Regional Magistrate Marina Voges postponed her sentencing in the Bloemfontein Regional Court on Monday after the defence and the prosecutor argued in mitigation and aggravation of sentence.

“She used her intelligence to harm people, some of them her family and friends. She could have been a brilliant advocate, for example, but she used her intelligence for crime,” prosecutor Vic de Bruyn argued before he asked the court to send Greyling to jail for ten to twelve years.

“She will thank me one day, but for the sake of her children she should be kept away from them,” De Bruyn said.

But Greyling's attorney, Eugene Lubbe, argued that correctional supervision should be considered as an option.

“The State argued that a jail term is the only appropriate sentence to rehabilitate the defendant and to protect the community against her. It is my submission that correctional supervision can be even more appropriate, depending on the conditions,” he told the court.

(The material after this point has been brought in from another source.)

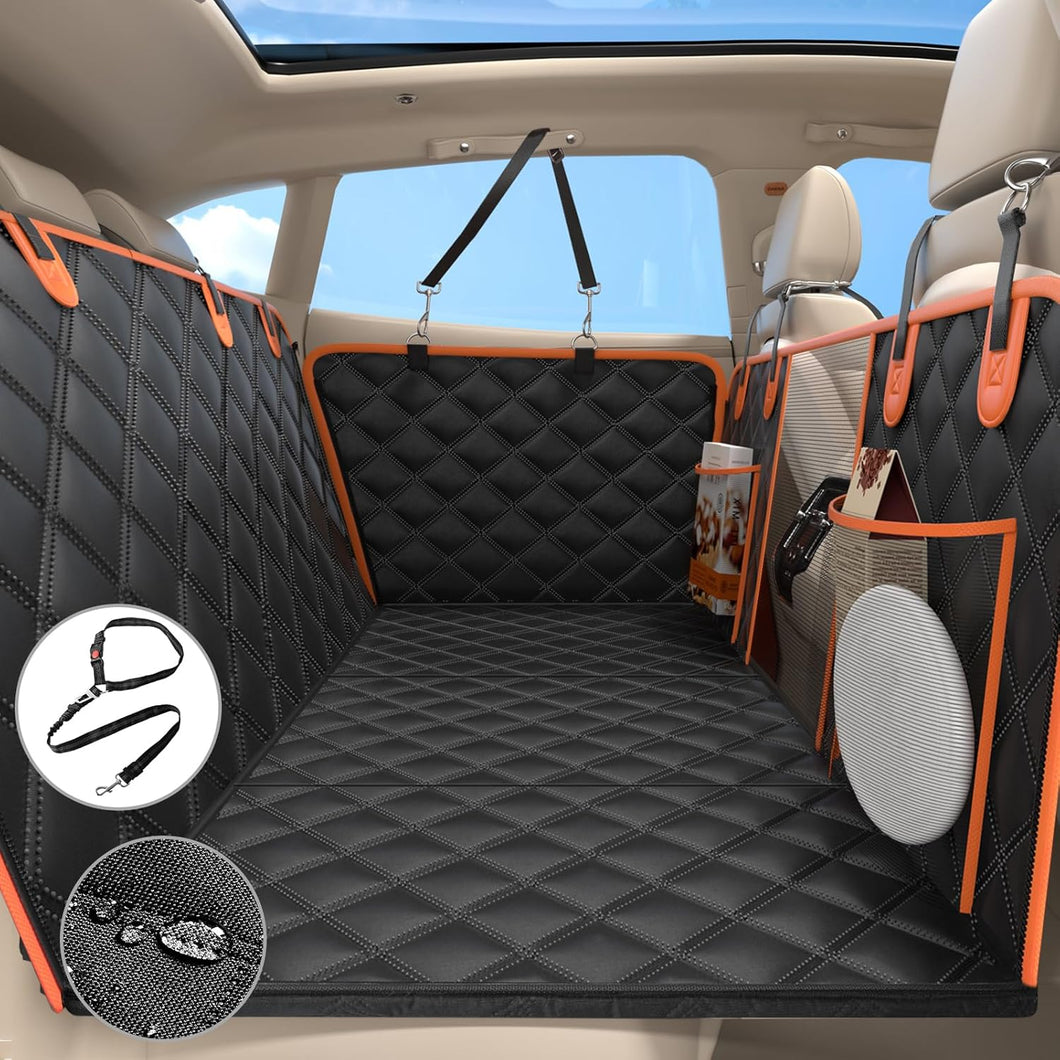 Extensor de asiento trasero para perros, parte inferior dura de hasta 499 libras, funda de asiento de automóvil para asiento trasero, ln25 protector de asiento trasero impermeable con ventana y bolsillos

Earlier, social worker Ingrid Bengell testified that she believed a prison sentence was the only appropriate punishment for the Bloemfontein businesswoman and former erotic dancer.

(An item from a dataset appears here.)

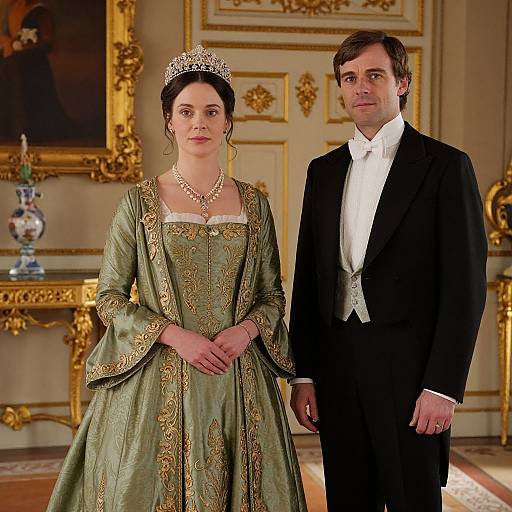 Photograph of a regal couple: woman in an ornate green gown with gold embroidery, pearl necklace, and tiara; man in black t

A report from the department of correctional services, however, suggested that she be put under house arrest as she had three children - aged 3, 4 and 6 - who depended on her.

Bengell told the court that Greyling’s children had adapted well to life without their mother while Greyling was in jail.

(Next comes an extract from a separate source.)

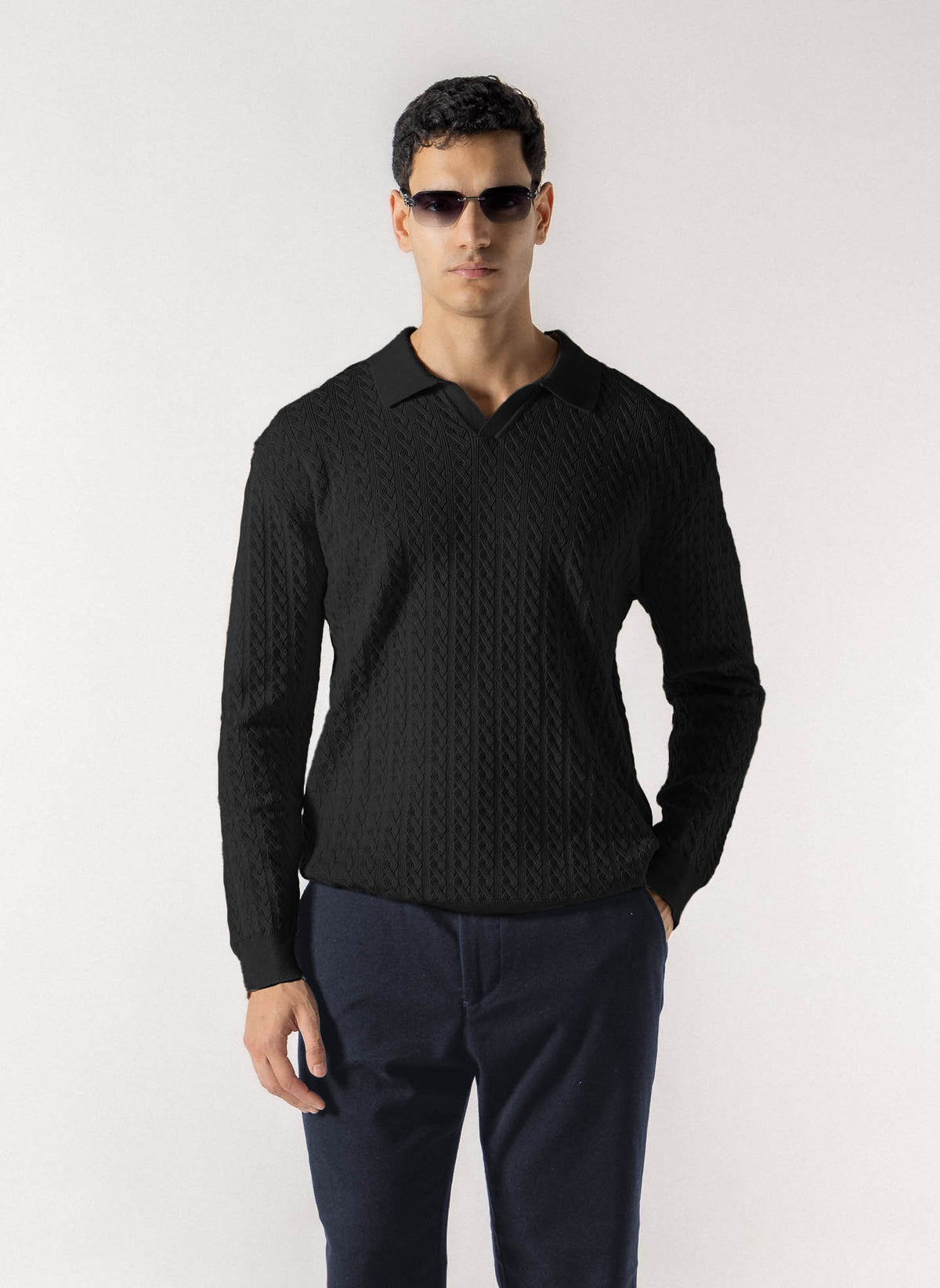 CABLE KNIT POLO SWEATER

“It is difficult for any child when a parent suddenly disappears, but they have adapted. They are doing well without her.”

Greyling, dressed in a formal black jacket, a fluffy collar and pearl earrings, listened nervously to Bengell’s testimony.

Greyling appeared to be taking strain.

Bengell told the court that suspended sentences or fines were not possible options.

“The community should be protected against her. In addition, jail time will also help her to be rehabilitated.”

The social worker testified that she believed Greyling had shown no remorse.

“Yes, she pleaded guilty, and yes, she said she is finished with crime. But can you justify your deeds by blaming it on what happened in your past? As grown-ups, we have choices. It is difficult to say whether she can just change her ways. She needs professional help.”

During her testimony in mitigation of sentence, Greyling revealed how she had already been found guilty of fraud charges in her matric year in Kempton Park. At the time, she had been given a suspended sentence.

Greyling, 28, also testified that her mother abused drugs and alcohol.

She was a barlady and a stripper in Port Elizabeth before she started her own import business in 2009.

Greyling testified how she had used drugs daily from 2006 to 2008, until she fell pregnant with the first of her three daughters.